When we are looking at all of the artistic greats in the history of European art, do not forget the genius that came with the French sculptors. Here is a list of the ten greatest French sculptors of all time.
- Yves Klein (1928-1962): Yves Klein was not just a painter, but was also a successful sculptor, though his art began through the art of music. Klein is often left off the list of great sculptors, but should not be easily overlooked. While his work was diverse among artist genres, the fact that he was able to bridge over so many only makes him all the more impressive. He is actually the founder of performance art. But his Aerostatic Sculpture is what marks him as a great sculptor, releasing 1,001 blue balloons into the sky.
- Auguste Rodin (1840-1917): Auguste Rodin is by far my favorite French sculptor. If you are visiting Paris, you absolutely need to go by his gardens and see his work first-hand. His most noted work is The Thinker, but some of his other amazing works include The Kiss, The Age of Bronze, and The Burghers of Calais. My favorite is definitely The Kiss. He is best known for his realism within his sculptors, allowing audiences to feel what the sculptor is emitting.
- Edgar Degas (1834-1917): Edgar Degas is a well-known impressionist, known for his work on ballerinas and the beauty of not just the movement, but the incredible work that goes into ballet. In addition to his impressionist paintings, Degas created bronze sculptures of the dancers as well, using a casting method. The best-known and somewhat controversial of his sculptures was The Little Fourteen-Year-Old Dancer.
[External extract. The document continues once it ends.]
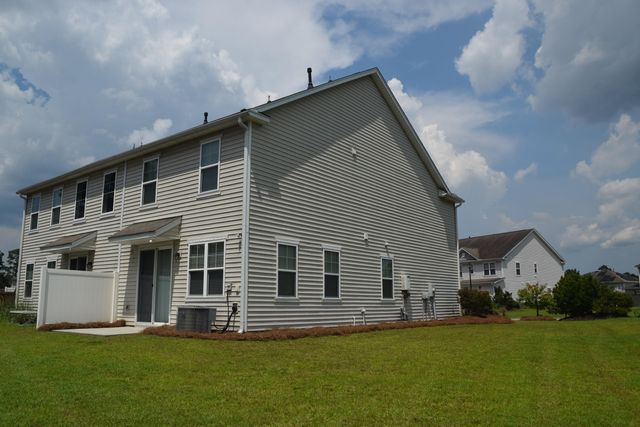 121 Wild Holly Drive, Moncks Corner, SC 29461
- César (1921-1998): César Baldaccini was known for his large sculptural representations from found objects. He was the founder of the New Realism movement. The medium of his sculptures changed greatly throughout his career, having moved from plastics, welded metal, and even molten crystal. His works all left an impression, including The Pouce which means “thumb” in French and is quite literally a giant metal thumb.
- Paul Gaugin (1848-1903): Artistic genius in the world of paint, Paul Gaugin also had dabbled in the world of sculpting. His best-known sculpture was Oviri. The name means “savage” in Tahitian, but Gaugin insisted that the sculpture was a depiction of a goddess and not meant in a derogatory way. Though the muse for his sculpture was also controversial as his model was his 13 year-old Tahitian lover.
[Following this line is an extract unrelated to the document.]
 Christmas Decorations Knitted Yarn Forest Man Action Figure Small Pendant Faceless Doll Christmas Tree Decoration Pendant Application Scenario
- Henri Matisse (1869-1954): Henri Matisse is inarguably one of the most influential artists of the twentieth century. His works have inspired completely new movements of painting, with his openness to both form and fluidity of form. His sculptures were more of an accompanying piece to his paintings, repeating and sometimes simplifying their meanings and essence.
- Jean-Léon Gérôme (1824-1904): Jean-Léon Gérôme’s works were mostly inspired by his interested and experiences in Egypt and his sculptures were no exception. His career had begun with his paintings, but later in life, he worked with primarily sculptures. His style is known as “Academicism,” meaning his work was influenced by the Académie des Beaux-Arts.
- Joan Miró (1893-1983): Joan Miró is well-known for his murals and lithographs, but he also created a number of sculptures that are featured in public spaces throughout France. His work does not shy away from the harshness of modern life and his keen sense of observation is well-reflected in his work.
- Frédéric-Auguste Bartholdi (1834-1904): If you have not heard of Frédéric-Auguste Bartholdi, you have certainly seen his work. His most famous sculpture of all-time is the Statue of Liberty, located in New York in the United States. The Statue of Liberty was a gift to the United States from France as a symbol of the Franco-American alliance. Another one of his iconic works is the Lion of Belfort which was carved from red sandstone.